R. – Mi ha colpito come il Santo Padre non lasci nulla per scontato, ma vede sempre con un occhio di fede gli eventi. Infatti quando ci stavamo avviando verso la stanza da dove si affaccia, mentre lo ringraziavamo per questo regalo che ci stava facendo, ci ha detto, con molta sincerità, che questo atteggiamento di insistenza che abbiamo avuto nel chiedere questo regalo, dobbiamo aver anche con il Signore: essere insistenti anche con Dio.
D. – Nel corso dell’omelia Papa Francesco vi ha dato veramente molti consigli utili: sul battesimo, su come fare le omelie … Ce ne è uno in particolare che ti ha colpito?
R. – Più di uno. Il primo è stato quello di essere sempre strumenti della misericordia anche in riferimento alla Confessione che non deve essere un luogo carico di moralismo o di legge, ma un luogo di verità e di misericordia. Il secondo è quello che riguarda la vanità, la battaglia più grande per un sacerdote. Spero che il Signore mi conceda la grazia di non cadere mai nella vanità.
D. – Elia, come è nata la tua vocazione, la tua chiamata?

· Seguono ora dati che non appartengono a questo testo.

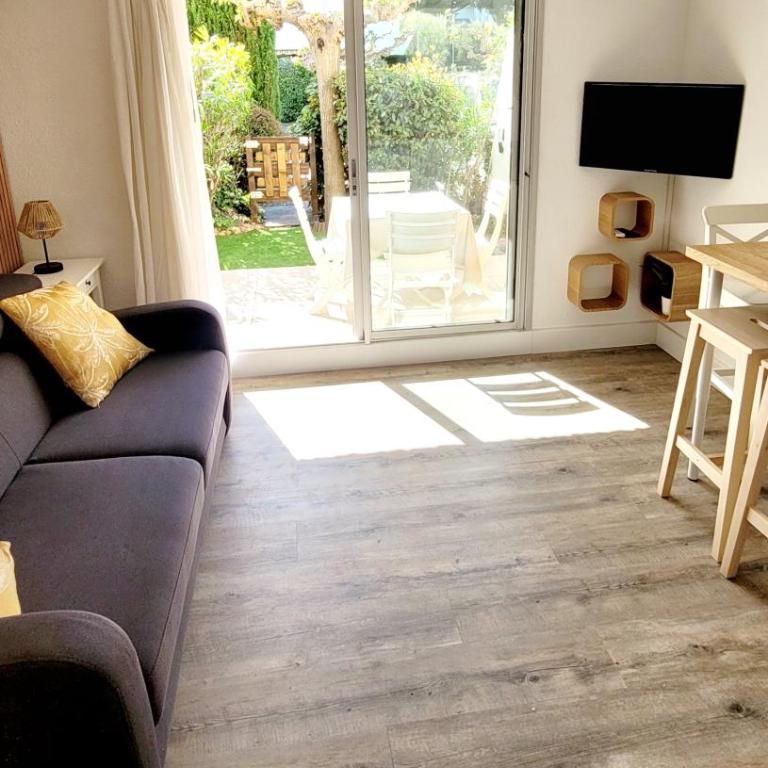 Magnifique Studio avec Piscine et Jardin - One-Bedroom Apartment - 4
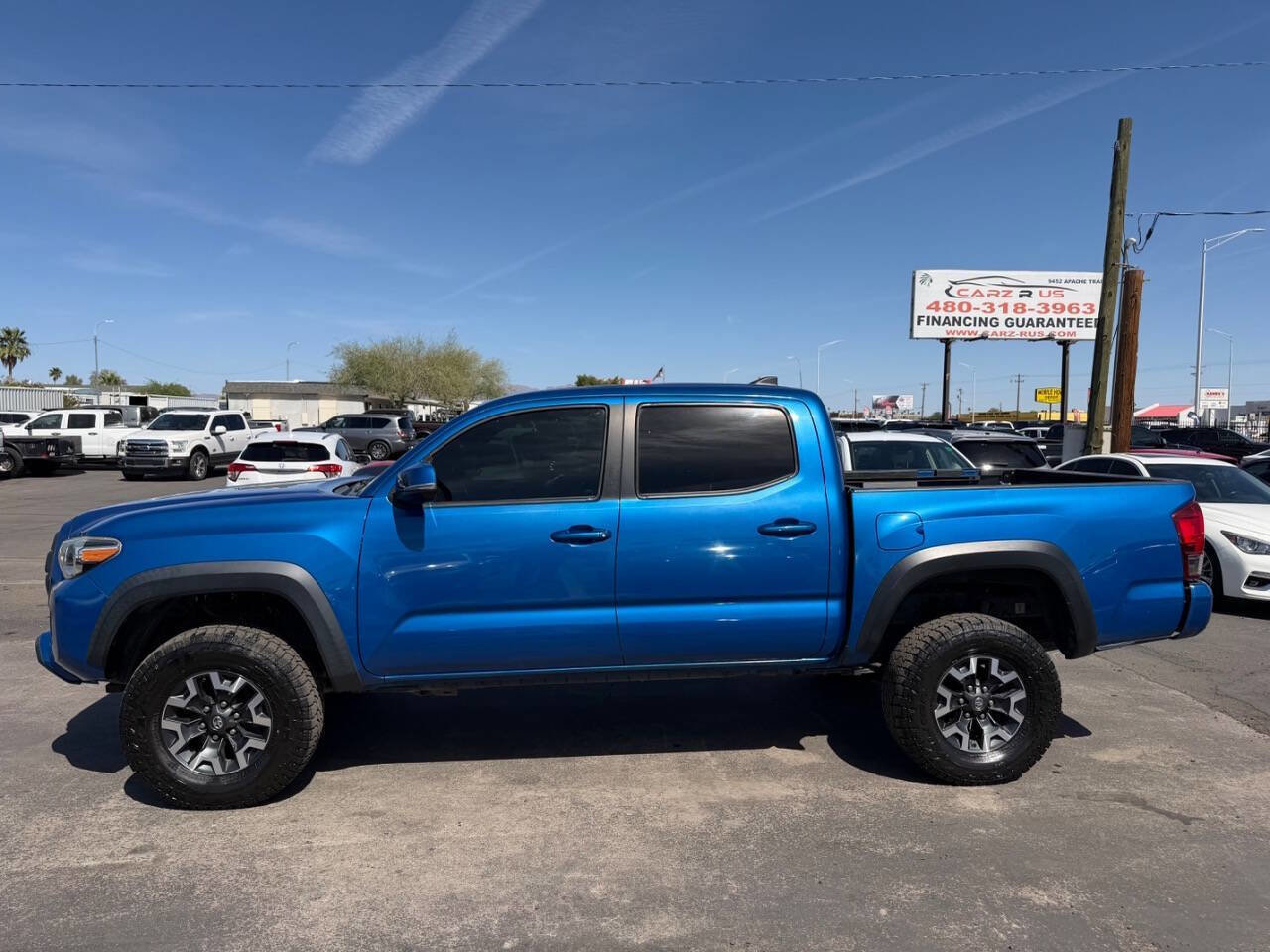 Used 2017 Toyota Tacoma TRD Off-Road w/ Premium & Technology Package AWD/4WD image 4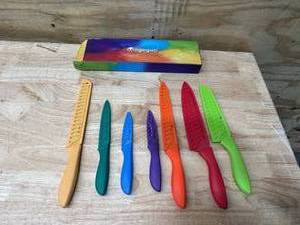 lot 32 image: MOGAGUO Knife Set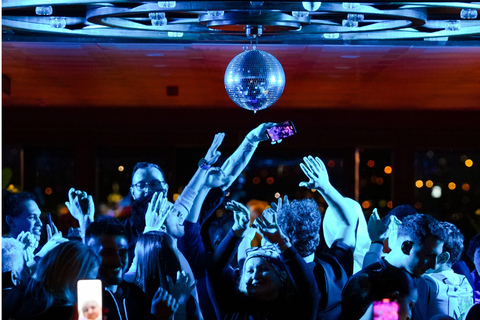 Stambuł: magia Bosforu, pełny posiłek i turecki showAlcohol Menu Meeting on point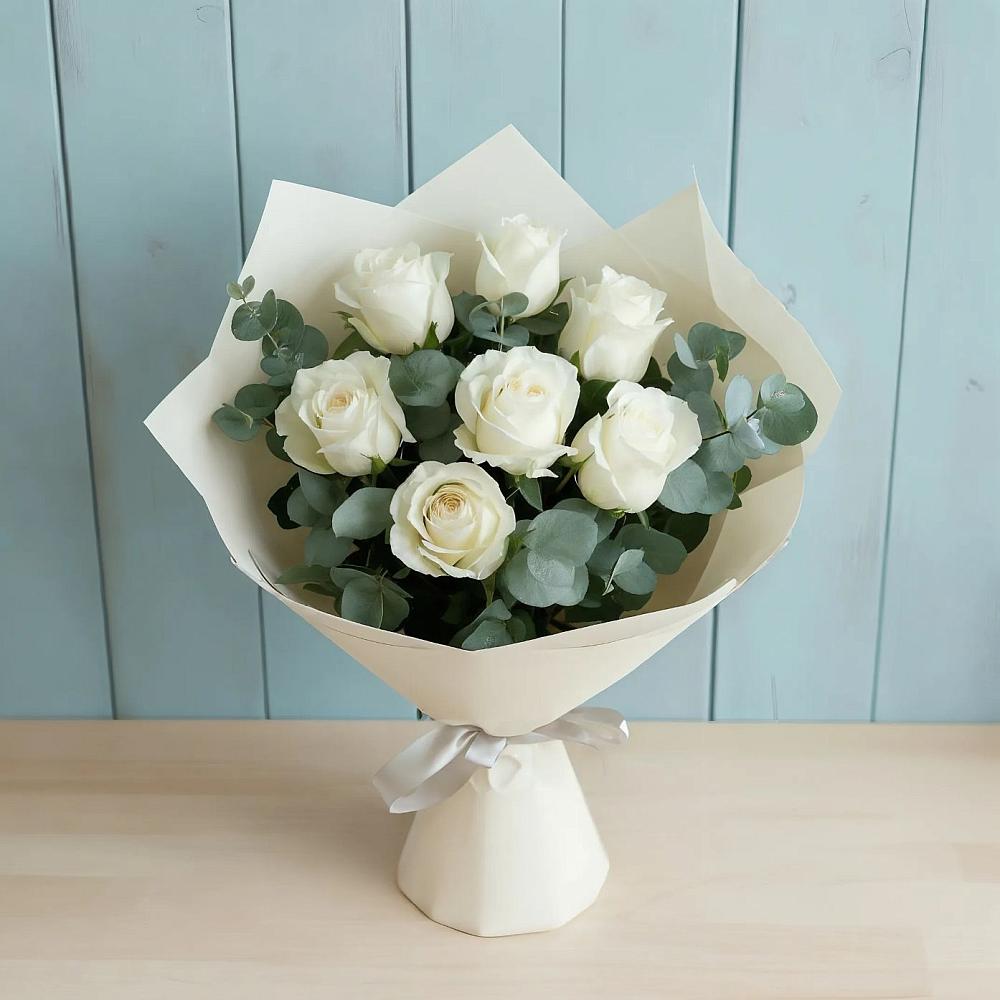 Букет Белые розы в Эвкалипте в Белеве
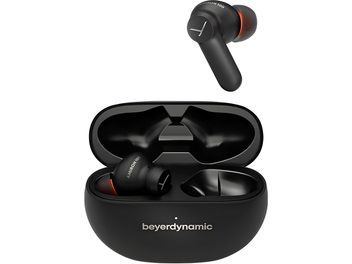 Priekšējais skats uz Beyerdynamic Amiron 100 melnām matētas plastmasas Bluetooth ausu iekšējām auskultēm, atvērtu lādētāju ar atbilstošu krāsu un peldošo labo auskulti ar diskrētu oranžu gredzenu
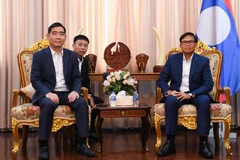 Đại sứ Phạm Việt Hùng (bên trái) bày tỏ vui mừng về những thành tựu phát triển của đất nước Lào. (Ảnh: XUÂN SƠN)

R. – Grazie a Dio sono nato in una famiglia cattolica, praticante, che fa parte del cammino neocatecumenale. Come tutti i ragazzi, quando ero adolescente, avevo i miei progetti: sposarmi, lavorare con mio padre – per questo avevo preso la facoltà di architettura – avere una famiglia numerosa, servire la Chiesa, però sempre con un mio ideale basso di vita in modo tale che io potessi controllarlo e gestirlo senza faticare troppo. Di fatto, pensavo di realizzare questo, anzi addirittura durante l’adolescenza – se posso essere sincero – pensavo che la vocazione sacerdotale fosse una vocazione di “serie B”, cioè per quelli che non riescono nella vita, per quelli che vengono scartati, per quelli che non vuole nessuno o quelli che non si fidanzano. Il Signore ha fatto veramente grandi cose nella mia vita e mi è venuto a trovare in un momento difficile come fa sempre il Signore, che ci viene a trovare nella sofferenza. Dio mi ha portato nel deserto per poter parlare al mio cuore. Quindi ho visto come il Signore mi stava chiamando ad essere suo amico, cioè ad un’intimità particolare. All’inizio è stato un po’ come dire: “Vediamo che sai fare”, e gli ho lasciato questo piccolo spazio. Poi il Signore ha fatto miracoli: otto anni di seminario, un anno e mezzo di missione in Francia … tutto gratuitamente e gratuitamente mi ha ricostruito come persona, mi ha ridato una spina dorsale, la felicità, cosa che prima non avevo.
D. – Che sacerdote vuoi essere?
R. – Questo lo sa solo Dio! Ciò che io desidero è che mi possa consumare, che possa spendermi completamente per Dio, per la salvezza delle anime, che io possa donare la mia vita perché molti cuori siano svelati e possano ritornare a lui; consumarmi, spendermi fino all’ultima goccia, arrivare la sera a casa veramente stanco perché mi sono speso e donato completamente per gli altri, perché lì ricevo la vita da parte di Dio.